◆ **Records for this task**
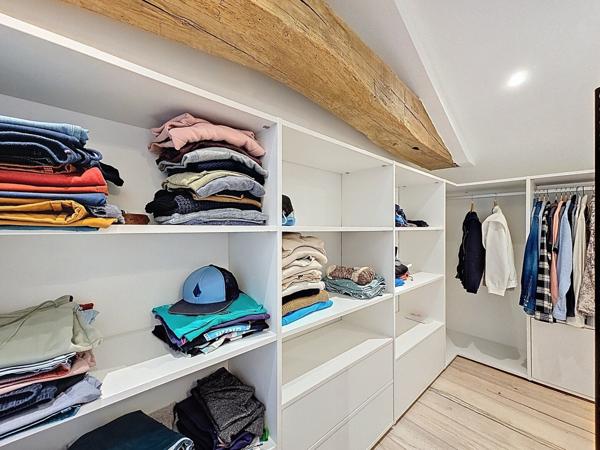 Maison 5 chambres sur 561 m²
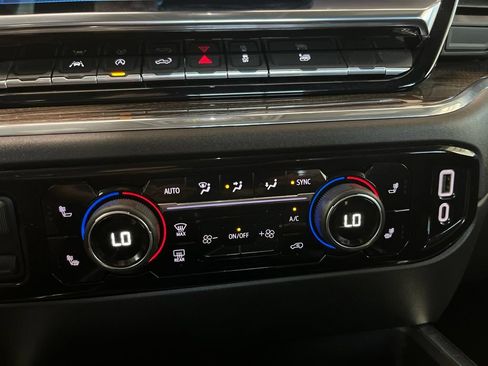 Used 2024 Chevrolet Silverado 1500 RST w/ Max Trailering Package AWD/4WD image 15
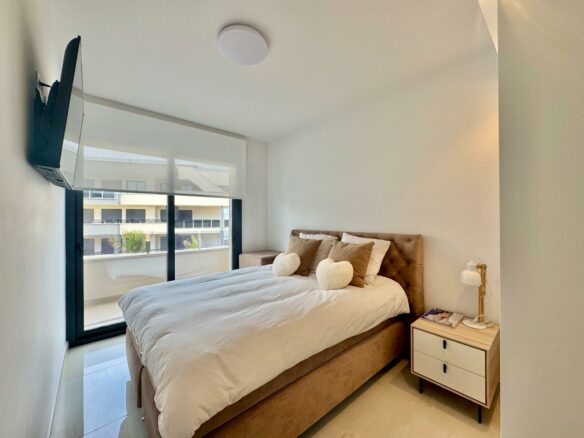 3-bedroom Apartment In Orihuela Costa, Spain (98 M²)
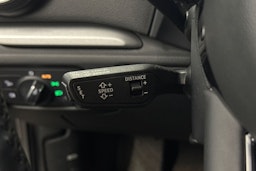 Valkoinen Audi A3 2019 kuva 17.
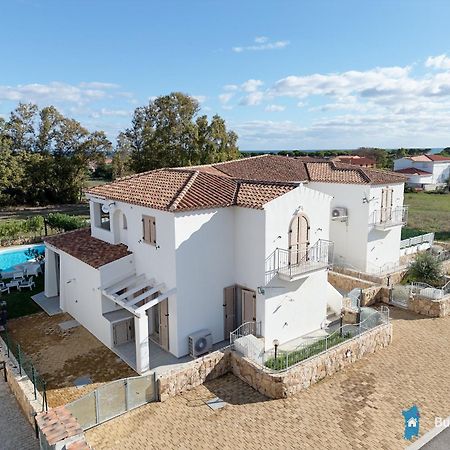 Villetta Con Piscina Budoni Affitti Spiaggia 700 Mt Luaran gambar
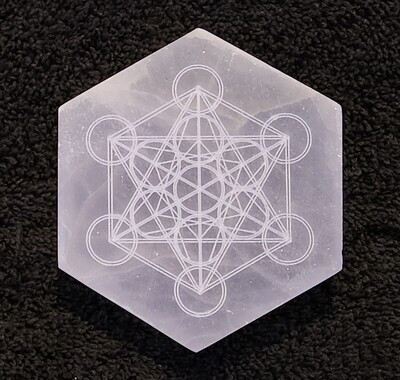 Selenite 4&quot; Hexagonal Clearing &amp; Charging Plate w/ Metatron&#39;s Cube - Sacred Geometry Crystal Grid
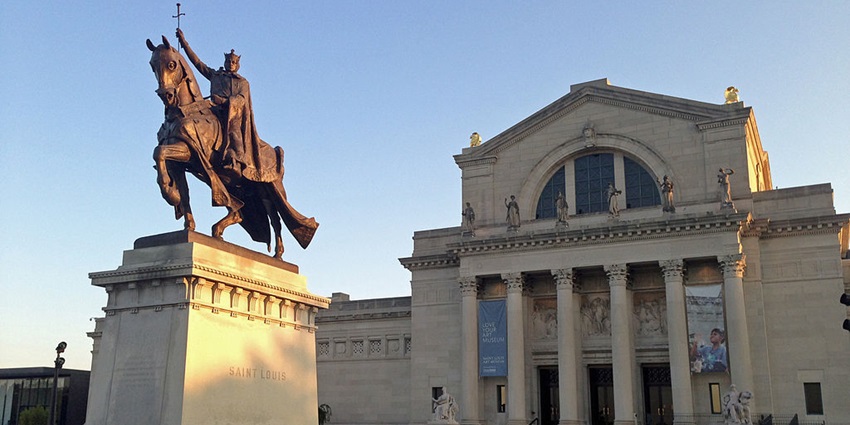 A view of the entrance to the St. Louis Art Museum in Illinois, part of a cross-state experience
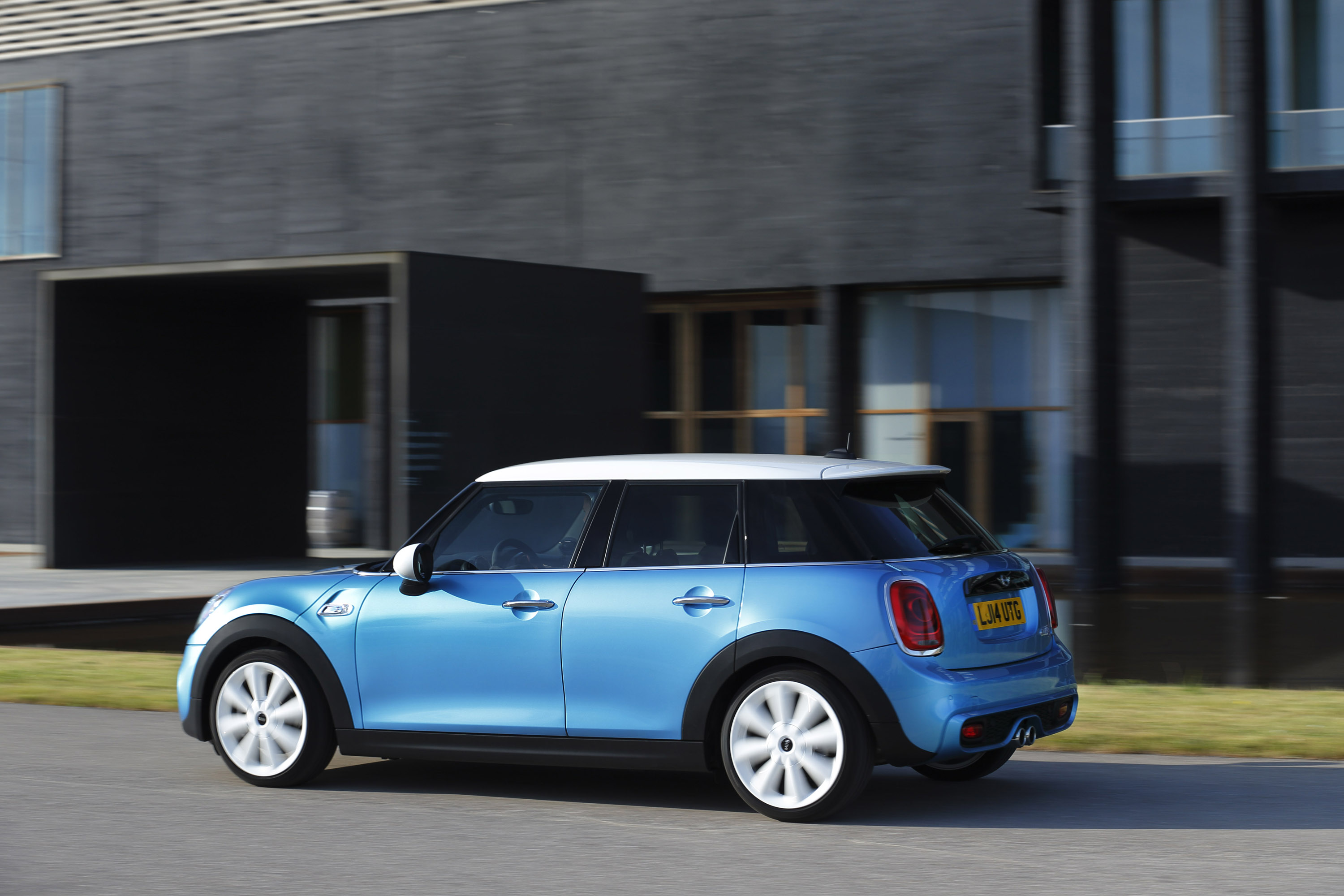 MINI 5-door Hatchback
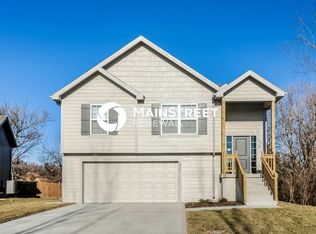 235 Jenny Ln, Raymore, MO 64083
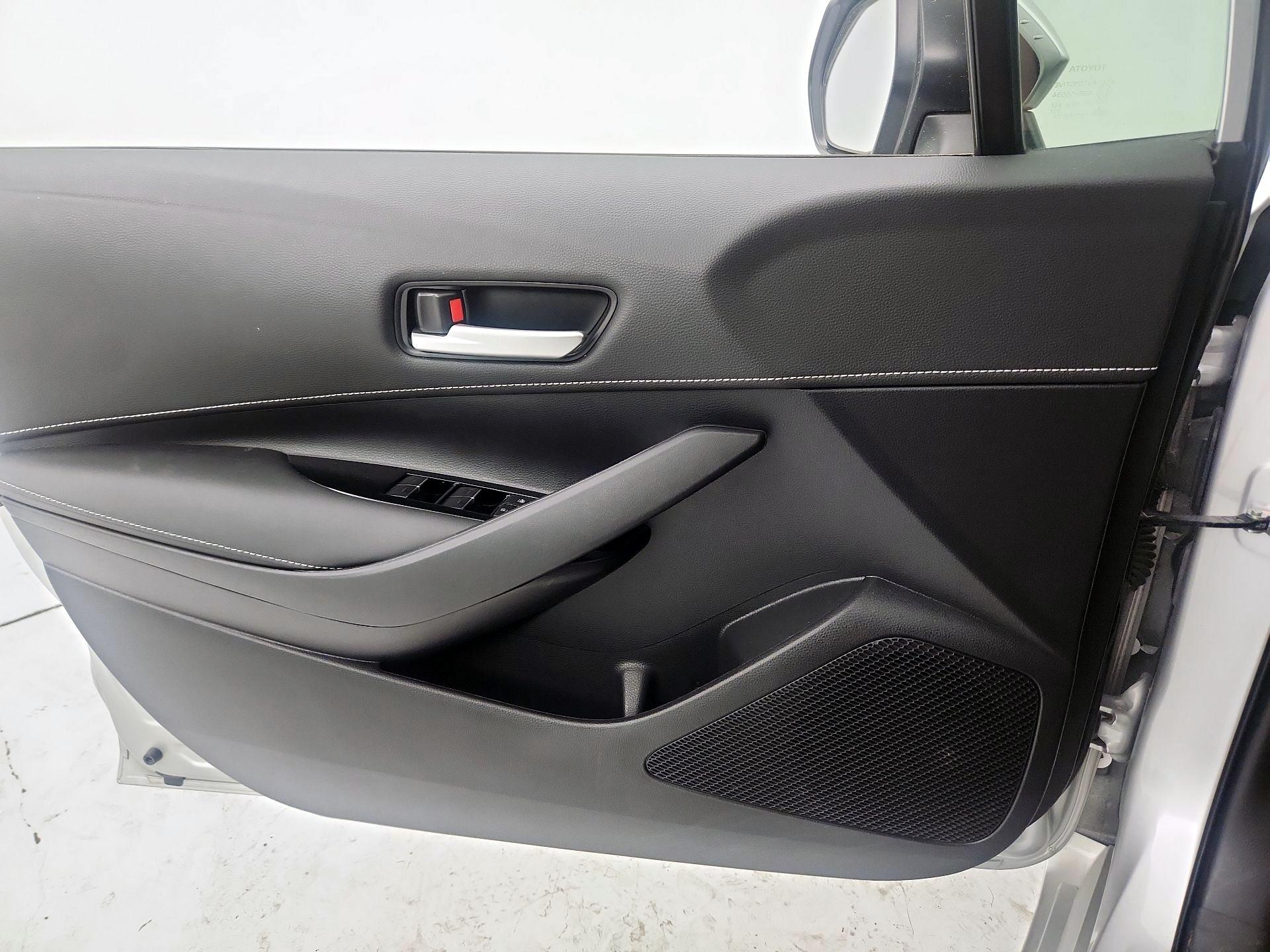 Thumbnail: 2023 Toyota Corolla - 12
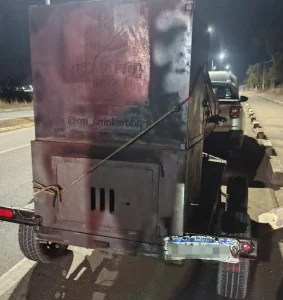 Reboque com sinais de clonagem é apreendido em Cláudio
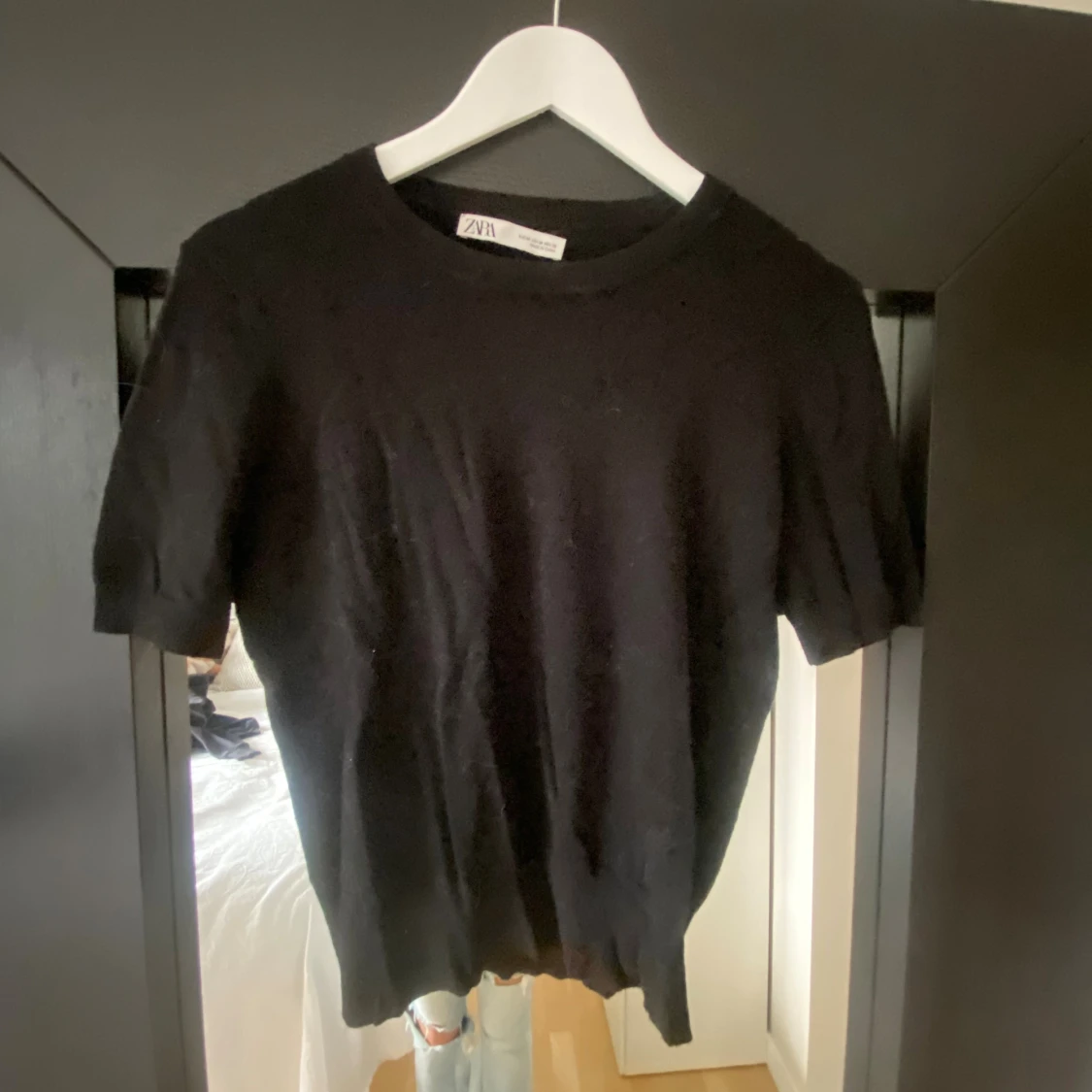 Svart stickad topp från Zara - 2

◆ **What to produce**
Please output the full listing above exactly, minus any pictures.

◆ **Solution to the problem**
 Maison 5 chambres sur 561 m²
 Used 2024 Chevrolet Silverado 1500 RST w/ Max Trailering Package AWD/4WD image 15
 3-bedroom Apartment In Orihuela Costa, Spain (98 M²)
 Valkoinen Audi A3 2019 kuva 17.
 Villetta Con Piscina Budoni Affitti Spiaggia 700 Mt Luaran gambar
 Selenite 4&quot; Hexagonal Clearing &amp; Charging Plate w/ Metatron&#39;s Cube - Sacred Geometry Crystal Grid
 A view of the entrance to the St. Louis Art Museum in Illinois, part of a cross-state experience
 MINI 5-door Hatchback
 235 Jenny Ln, Raymore, MO 64083
 Thumbnail: 2023 Toyota Corolla - 12
 Reboque com sinais de clonagem é apreendido em Cláudio
 Svart stickad topp från Zara - 2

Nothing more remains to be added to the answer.